DFA89 means Death From Abba Eight Nine. Just kidding, really it means Def Funk Abdul Eightynine. Only joking, it means Don’t Fuck Around, Eight-Nine. No, but seriously now, it means Deus Fidelis Anus VIII IX. Just joking, it really means…

How would you describe your sound in non-musical terms?

Rolling down the side of a mountain in an MRI machine.

What is something the audience might not realize about your band at first glance?

We’re not naked under our robes. Our cello player actually knows what he’s doing. We rehearse.

What are some bands you think The Beijing underground music scene should follow more closely?

Liberate Haze. Hugh Reed. Electric Lady.

Where would you like to see the Beijing music scene go in the next few years? What would you like to see more or less of in the Beijing underground music scene?

I’d like to see it go on quite a mundane caravan holiday to Dorset, buy some over priced fudge, get in an argument over which radio station to listen to, and then not talk to itself the whole way home. I would like to see more stoats and less lamas please.

The band will play at School Bar as part of the “Beijing Underground Summer Music Days” on the 20 of June 2018, don’t miss them !

Interview – DJ Boss Cuts

Interview by Natharb.

What does your band name mean and how did you choose it to represent your music?

For my previous Winter Days interview I revealed that it was channelled from my spirit guide after drinking ayahuasca.

How would you describe your sound in non-musical terms?

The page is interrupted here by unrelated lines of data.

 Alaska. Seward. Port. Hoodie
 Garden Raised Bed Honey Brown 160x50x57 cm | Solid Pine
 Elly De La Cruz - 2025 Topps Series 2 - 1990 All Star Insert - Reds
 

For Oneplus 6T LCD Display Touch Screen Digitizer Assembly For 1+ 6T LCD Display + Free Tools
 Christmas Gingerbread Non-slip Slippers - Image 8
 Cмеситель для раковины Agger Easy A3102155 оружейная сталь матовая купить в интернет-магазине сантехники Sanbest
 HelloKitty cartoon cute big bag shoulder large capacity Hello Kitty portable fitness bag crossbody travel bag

Earlier this year I travelled to Nashville and Memphis and discovered that deep-fried food is more popular than Jesus. One night in Memphis I had Skillet-Fried Pie: First take an iron skillet then dig out some chunks of butter and heat it up until it forms a deep pool of saturated fattiness. Then grab a wedge of pecan pie and fry it up until it gets crispy. Finish it off by dumping half a tub of ice cream on top and serve.

What is something the audience might not realize about your band at first glance?

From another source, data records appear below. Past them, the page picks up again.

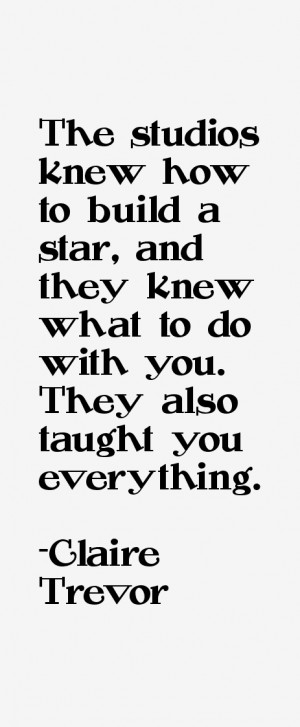 claire trevor quotes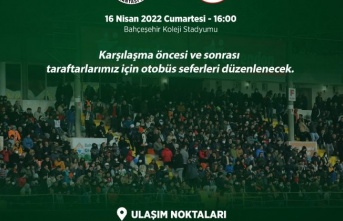 Alanya’da merakla beklenen derbi için otobüs seferi düzenlenecek
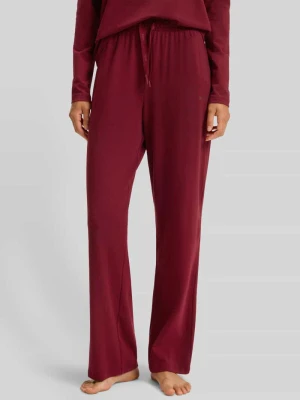 Spodnie od piżamy o kroju regular fit z mieszanki bawełny Boss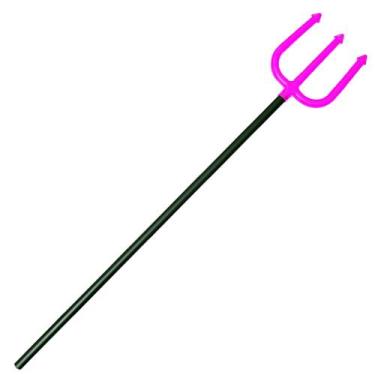 Imagem de Tridente Deuses p/ Festa Fantasia Halloween Bruxas Rosa - Toy Master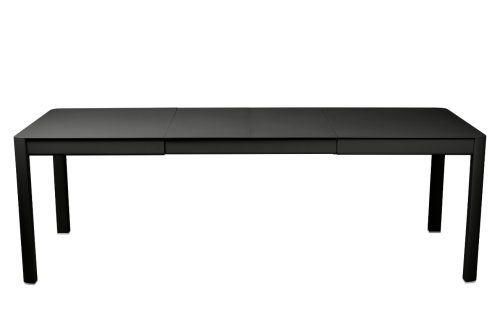 Černý kovový rozkládací zahradní stůl Fermob Ribambelle 149/234 x 100 cm Fermob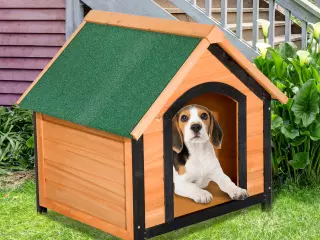 Caseta de Madera Maciza para Perro - Casa de Perro Impermeable con Patas Elevadas para Interior y Exterior -72x76x76cm PREGUNTAR STOCK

For the Boss Cuts band – that its members cover every continent except South America. We are on the look out for someone who do capoeira. As for DJing – that I am spending my retirement fund on records. If in the future you see a guy on the street sleeping on a pile of records slap him and then buy him a jianbingguozi.

What are some bands you think The Beijing underground music scene should follow more closely?

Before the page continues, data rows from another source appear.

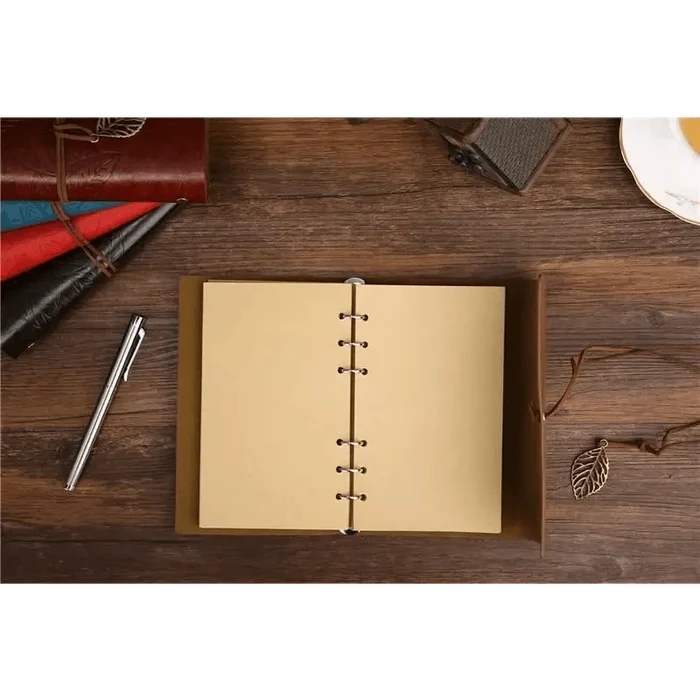 Leaf Embossed Leather Journal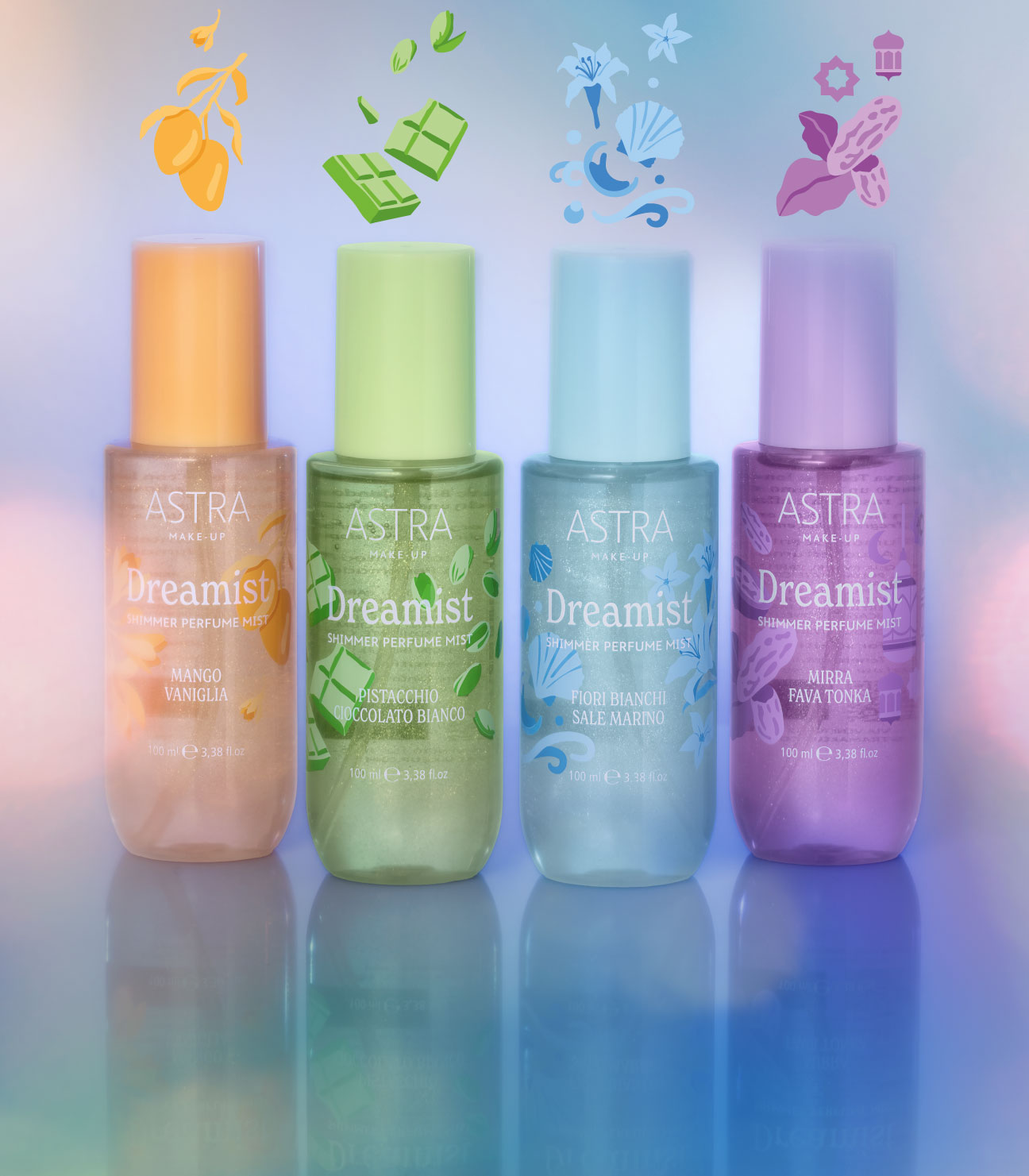 DREAMIST COLLECTION - 4 Acque Profumate Shimmer - Default Title - Astra Make-Up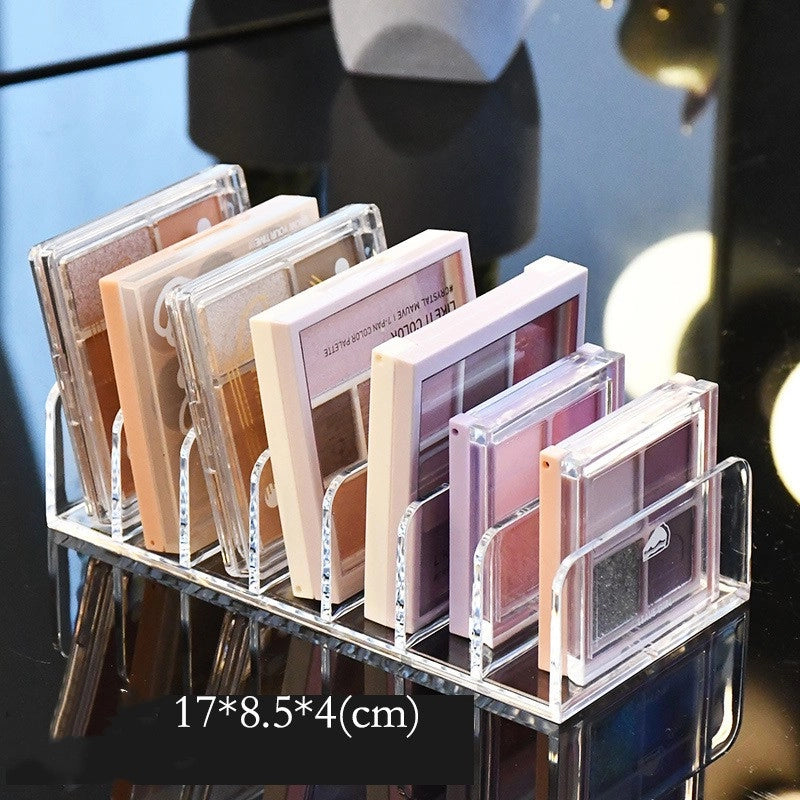 Minimalist Transparent Plastic Storage Rack Makeup Organizers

A couple of years ago I went to Fuji Rock in Japan and wondered why the bands don’t come to China. I asked Freddy (drummer for Boss Cuts and Oldy Baby) and Han Ning who runs Painkiller and they said that there isn’t yet a critical mass in China. Sure there are 1.35 billion people here but only a minuscule number go out to see live music. A couple of months ago Ernesto Chahoud and JJ Whitefield from Poets of Rhythm DJed at Dada and the turn out was underwhelming. JJ almost singlehandedly brought about the whole funk/soul revival in the 90s and 2000s and yet the dancefloor was mostly empty. Freddy’s other theory is that people aren’t willing to spend money on things they don’t know. So go out and see bands you’ve never heard of and give them some money.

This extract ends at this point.